Usually, visits to my cousin Bryn’s home were filled with adventure and chaos, as to be expected in a household with six young children. One November day, when the chill of the winter air seemed to have seeped through the comforts of the insulation, the visit to her house was different.

It certainly was not a day where you would find my Uncle Lou pitching a baseball game with the boys in the backyard, the girls organizing a dance contest in the basement, or everyone participating in pillow speed races on the wooden stairs. The solemn incident did not allow for any play, something we were not used to.

“Wanna play war?” I asked, already knowing the answer.
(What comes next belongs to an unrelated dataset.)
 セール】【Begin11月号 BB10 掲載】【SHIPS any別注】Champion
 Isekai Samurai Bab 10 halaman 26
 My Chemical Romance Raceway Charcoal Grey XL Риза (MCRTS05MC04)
My attention turned from the worn deck of cards to see Bryn chewing on her doll’s plastic toes, one of her odd habits. “Here’s a letter I wrote you in school this week.” The letters bonded us, since we only saw each other on the weekends. With each letter, we tried to outdo one another with the most elaborate pages that any nine year old would find glamorous. Bryn did not have a letter to exchange with me. She just sat on her bed, comforting her thoughts while I intently waited for any sign of emotion, so that I would know how to feel.

Days before, Bryn’s father, my Uncle Lou, was killed in an airplane crash. He was flying home from a business trip. “It’s a shame, only ten minutes from landing,” my mom said over and over again.

I stood in the parlor of the funeral home, watching the devastation manifest on everyone’s faces. It was not the emotion though that kept my attention. I incessantly peered into the room that housed the deceased. I had never seen a closed casket. “It’s because of how he died,” my mom stated. I couldn’t cross the threshold of that room. Something about going into the room made me feel like I would understand, and being nine, I didn’t want to.

Within that same year, my aunt and cousins moved out of their home. In fact, they moved often. “Uncle Lou visited her,” my mom explained. Shortly thereafter, my grandfather died. They all said Uncle Lou’s death broke his heart. It was sad. I never asked Bryn how she felt about her father’s death, but I never needed to. Tearfully peering over my grandfather’s vacant face in the casket, I began to understand how everyone felt.